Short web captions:
◆ ◆ ◆ ◆ ◆
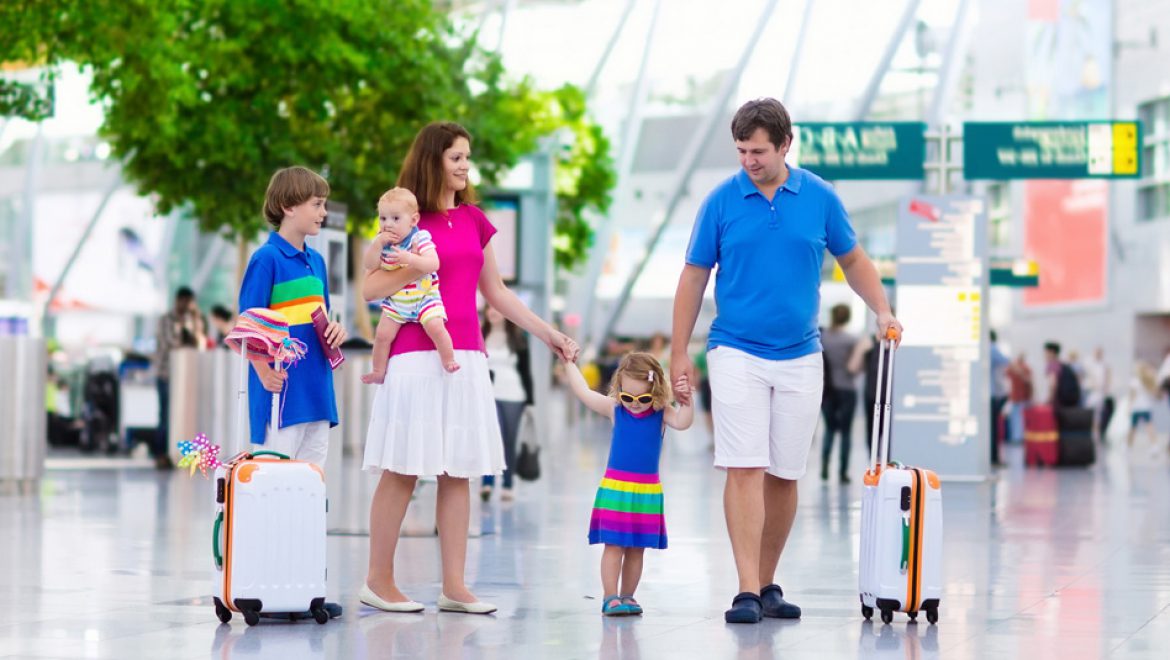 טיסה עם ילדים – מדריך הישרדות בשחקים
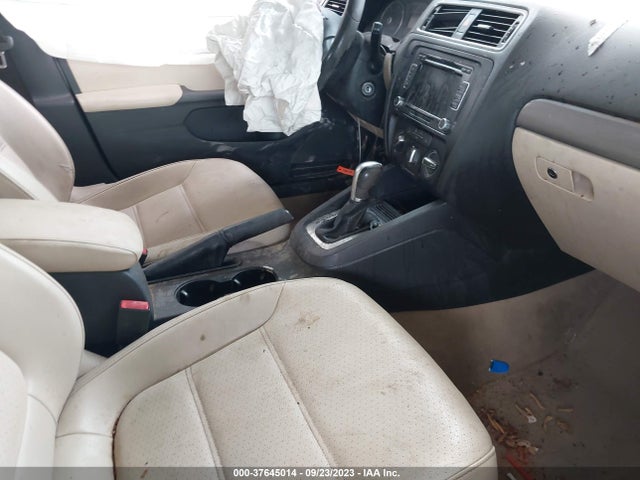 3VWLL7AJ5EM354523 Volkswagen Jetta Sedan Tdi W/premium
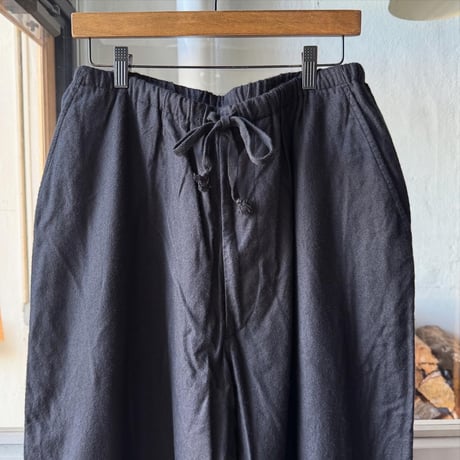 COMOLI　カシミヤシルク 製品染ドローストリングパンツ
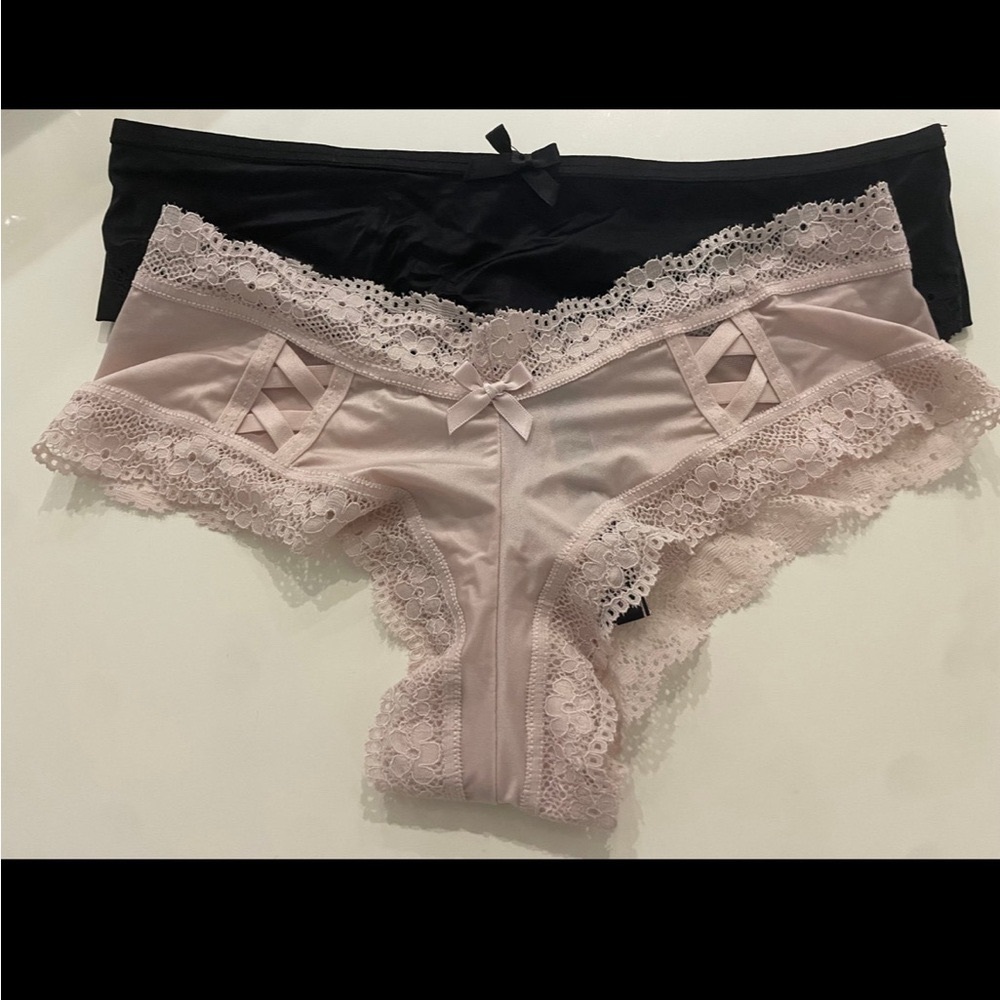 NWT 2 VICTORIA’S SECRET SIZE XS CHEEKY PINK SATIN AND BLACK THONG SATIN BOW PACK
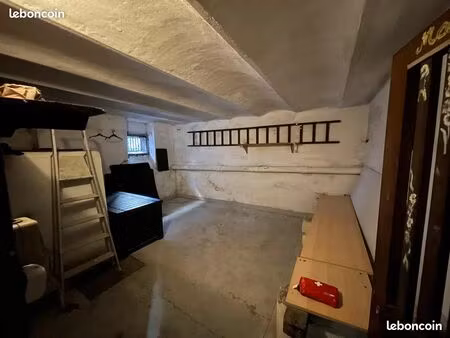 cave - garde meuble - 15m2 - quartier longchamp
◆ ◆ ◆ ◆ ◆
* [Action item]: Without the pictures, give back the entries exactly.

* [Solution to this problem]:
 טיסה עם ילדים – מדריך הישרדות בשחקים
 3VWLL7AJ5EM354523 Volkswagen Jetta Sedan Tdi W/premium
 COMOLI　カシミヤシルク 製品染ドローストリングパンツ
 NWT 2 VICTORIA’S SECRET SIZE XS CHEEKY PINK SATIN AND BLACK THONG SATIN BOW PACK
 cave - garde meuble - 15m2 - quartier longchamp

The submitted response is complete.